- DIRECTIONS FOR THIS TASK:
Copy out the entries exactly. Print them in full.

[INPUT FOR THIS TASK — start]

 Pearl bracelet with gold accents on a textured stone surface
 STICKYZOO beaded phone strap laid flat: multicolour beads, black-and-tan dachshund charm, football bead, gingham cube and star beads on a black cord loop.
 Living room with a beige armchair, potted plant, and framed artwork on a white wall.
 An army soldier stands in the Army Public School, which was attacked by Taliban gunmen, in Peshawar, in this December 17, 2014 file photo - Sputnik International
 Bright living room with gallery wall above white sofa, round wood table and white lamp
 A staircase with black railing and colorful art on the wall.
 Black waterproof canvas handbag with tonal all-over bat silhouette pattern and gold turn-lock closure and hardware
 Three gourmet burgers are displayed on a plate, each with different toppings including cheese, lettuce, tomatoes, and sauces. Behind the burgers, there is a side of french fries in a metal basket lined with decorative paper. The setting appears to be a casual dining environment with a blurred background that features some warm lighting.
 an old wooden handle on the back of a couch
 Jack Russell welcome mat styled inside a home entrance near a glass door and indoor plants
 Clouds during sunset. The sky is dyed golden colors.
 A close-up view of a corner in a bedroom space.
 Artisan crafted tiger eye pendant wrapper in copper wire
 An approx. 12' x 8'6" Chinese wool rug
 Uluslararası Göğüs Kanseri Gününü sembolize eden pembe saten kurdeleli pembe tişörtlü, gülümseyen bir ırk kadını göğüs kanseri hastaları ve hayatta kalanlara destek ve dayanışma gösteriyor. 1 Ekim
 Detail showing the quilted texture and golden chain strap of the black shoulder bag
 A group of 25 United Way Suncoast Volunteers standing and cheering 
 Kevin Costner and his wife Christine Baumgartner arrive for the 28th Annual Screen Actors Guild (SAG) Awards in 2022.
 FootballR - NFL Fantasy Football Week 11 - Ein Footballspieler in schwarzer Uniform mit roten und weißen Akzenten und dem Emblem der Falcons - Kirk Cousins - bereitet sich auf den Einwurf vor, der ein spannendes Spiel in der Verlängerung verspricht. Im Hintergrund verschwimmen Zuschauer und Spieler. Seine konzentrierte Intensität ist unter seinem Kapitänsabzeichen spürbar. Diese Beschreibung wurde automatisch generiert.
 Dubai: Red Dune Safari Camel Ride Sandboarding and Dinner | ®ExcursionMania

[INPUT FOR THIS TASK — finish]

- TASK ANSWER:
 Pearl bracelet with gold accents on a textured stone surface
 STICKYZOO beaded phone strap laid flat: multicolour beads, black-and-tan dachshund charm, football bead, gingham cube and star beads on a black cord loop.
 Living room with a beige armchair, potted plant, and framed artwork on a white wall.
 An army soldier stands in the Army Public School, which was attacked by Taliban gunmen, in Peshawar, in this December 17, 2014 file photo - Sputnik International
 Bright living room with gallery wall above white sofa, round wood table and white lamp
 A staircase with black railing and colorful art on the wall.
 Black waterproof canvas handbag with tonal all-over bat silhouette pattern and gold turn-lock closure and hardware
 Three gourmet burgers are displayed on a plate, each with different toppings including cheese, lettuce, tomatoes, and sauces. Behind the burgers, there is a side of french fries in a metal basket lined with decorative paper. The setting appears to be a casual dining environment with a blurred background that features some warm lighting.
 an old wooden handle on the back of a couch
 Jack Russell welcome mat styled inside a home entrance near a glass door and indoor plants
 Clouds during sunset. The sky is dyed golden colors.
 A close-up view of a corner in a bedroom space.
 Artisan crafted tiger eye pendant wrapper in copper wire
 An approx. 12' x 8'6" Chinese wool rug
 Uluslararası Göğüs Kanseri Gününü sembolize eden pembe saten kurdeleli pembe tişörtlü, gülümseyen bir ırk kadını göğüs kanseri hastaları ve hayatta kalanlara destek ve dayanışma gösteriyor. 1 Ekim
 Detail showing the quilted texture and golden chain strap of the black shoulder bag
 A group of 25 United Way Suncoast Volunteers standing and cheering 
 Kevin Costner and his wife Christine Baumgartner arrive for the 28th Annual Screen Actors Guild (SAG) Awards in 2022.
 FootballR - NFL Fantasy Football Week 11 - Ein Footballspieler in schwarzer Uniform mit roten und weißen Akzenten und dem Emblem der Falcons - Kirk Cousins - bereitet sich auf den Einwurf vor, der ein spannendes Spiel in der Verlängerung verspricht. Im Hintergrund verschwimmen Zuschauer und Spieler. Seine konzentrierte Intensität ist unter seinem Kapitänsabzeichen spürbar. Diese Beschreibung wurde automatisch generiert.
 Dubai: Red Dune Safari Camel Ride Sandboarding and Dinner | ®ExcursionMania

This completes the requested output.